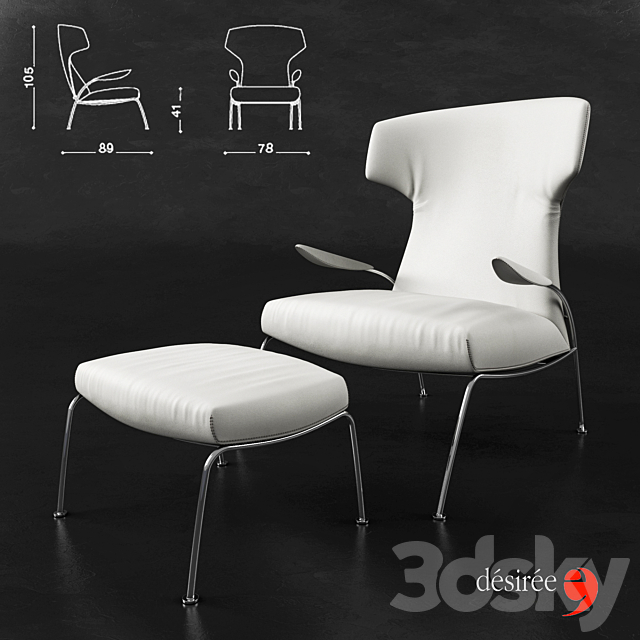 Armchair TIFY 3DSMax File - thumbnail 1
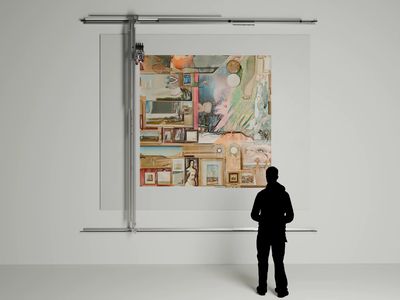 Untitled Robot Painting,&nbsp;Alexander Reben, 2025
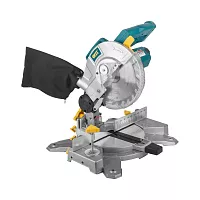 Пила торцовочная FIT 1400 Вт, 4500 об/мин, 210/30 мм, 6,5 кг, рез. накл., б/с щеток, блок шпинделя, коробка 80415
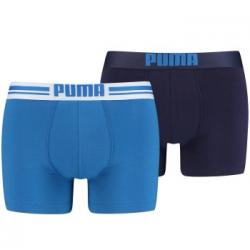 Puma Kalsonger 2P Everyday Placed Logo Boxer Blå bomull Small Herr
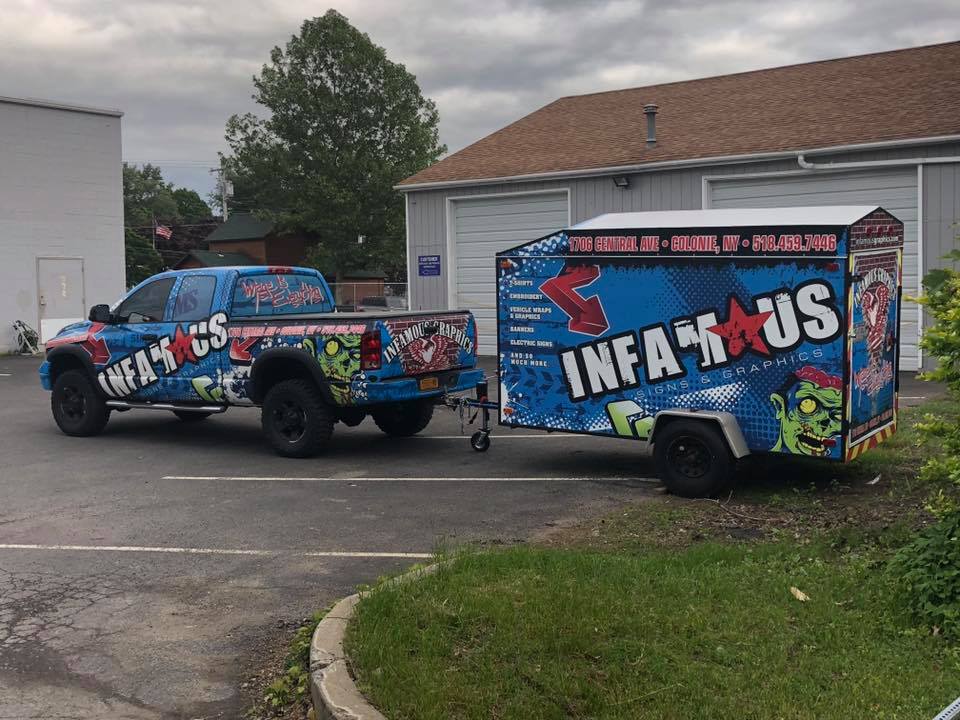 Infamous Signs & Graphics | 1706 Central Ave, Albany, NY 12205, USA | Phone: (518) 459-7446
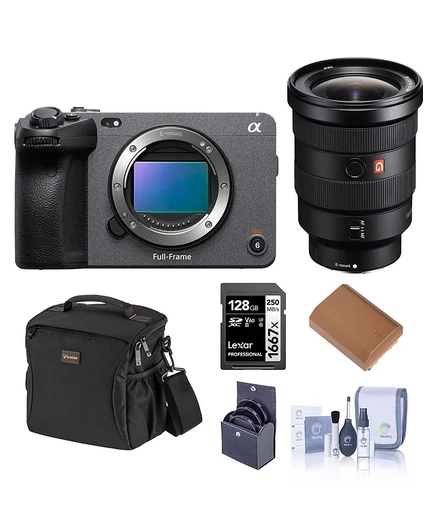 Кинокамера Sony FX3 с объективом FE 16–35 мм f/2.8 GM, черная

◆ EXERCISE REQUIREMENTS ◆
Only the pictures are to be excluded; all other parts of the records above are to be given exactly.

◆ RESULT OF THIS TASK ◆
 Armchair TIFY 3DSMax File - thumbnail 1
 Untitled Robot Painting,&nbsp;Alexander Reben, 2025
 Пила торцовочная FIT 1400 Вт, 4500 об/мин, 210/30 мм, 6,5 кг, рез. накл., б/с щеток, блок шпинделя, коробка 80415
 Puma Kalsonger 2P Everyday Placed Logo Boxer Blå bomull Small Herr
 Infamous Signs & Graphics | 1706 Central Ave, Albany, NY 12205, USA | Phone: (518) 459-7446
 Кинокамера Sony FX3 с объективом FE 16–35 мм f/2.8 GM, черная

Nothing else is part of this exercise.